Hello readers. Recently, our ASTU class had time to watch movie American Sniper directed by Clint Eastwood. This film was portraying Iraq War through the perspective of American Sniper, Chris Kyle. Based on the real character, American Sniper generally glorify the character of Chris Kyle with patriotism and comradeship. Then again, American Sniper maintained its neutrality towards Iraq War. I would explore some of the scenes from American Sniper that I felt intriguing.

The character of Chris Kyle was portrayed as “hero” in the film. After 9/11 terror, Chris Kyle enlisted in American Navy Seal with burning anger towards enemy and patriotism towards one’s nation. This talented sniper soon became “legend” when he was sent as troops. In the film, there was the contrary role of Chris Kyle who was a sniper of Iraqi people called Mustafa. These two characters have the same role as a sniper on one’s side, but contradicting appraisals of “legend” and “evil” are following them on one’s side. In Iraqi’s side Chris is “evil” and in American’s side Chris is “legend.”

As the major role of the story focuses on the character of a sniper, Chris’s perspective towards war was projected through the scope of the gun. He was in the war but looking at a distance as the sniper. He watched enemies through the scope at the distance and killed them at the distance. When Chris Kyle hold rifle instead of a sniper rifle and went to the battlefields, he is drawn into a war. The scene that he saw, the noise that he heard from the battlefields were vicious and chaotic. What Chris experienced on the battlefield were contradictory to the battlefield that he saw through the scope where all emotions and noises remain silent.

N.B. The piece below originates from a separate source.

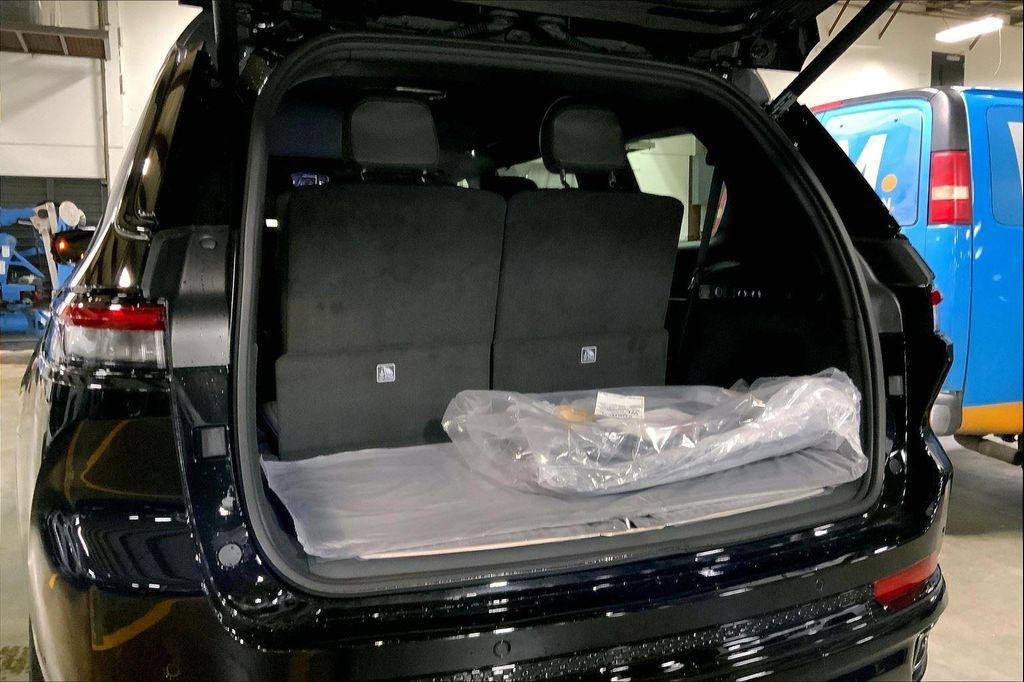 new 2025 Jeep Grand Cherokee L car, priced at $63,579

His experiences were not only remained in the battlefields but also continued to harassing him even when he came back home. Suffering from PTSD, Chris was unable to entirely came back to his home but fighting on the battlefield in his mind. Chris choose to help war veterans and kept his role as “father,” “husband,” and “veteran” until he died by the gun of the war veteran who Chris tried to help. In the last scene, Chris’s wife Taya was gaze Chris and war veteran through a chink in the door. Two war veterans and heroes, who were seen in Taya’s perspective were projected differently: one as an attentive father and the other as the war veteran who lives in a reality that is the war to him.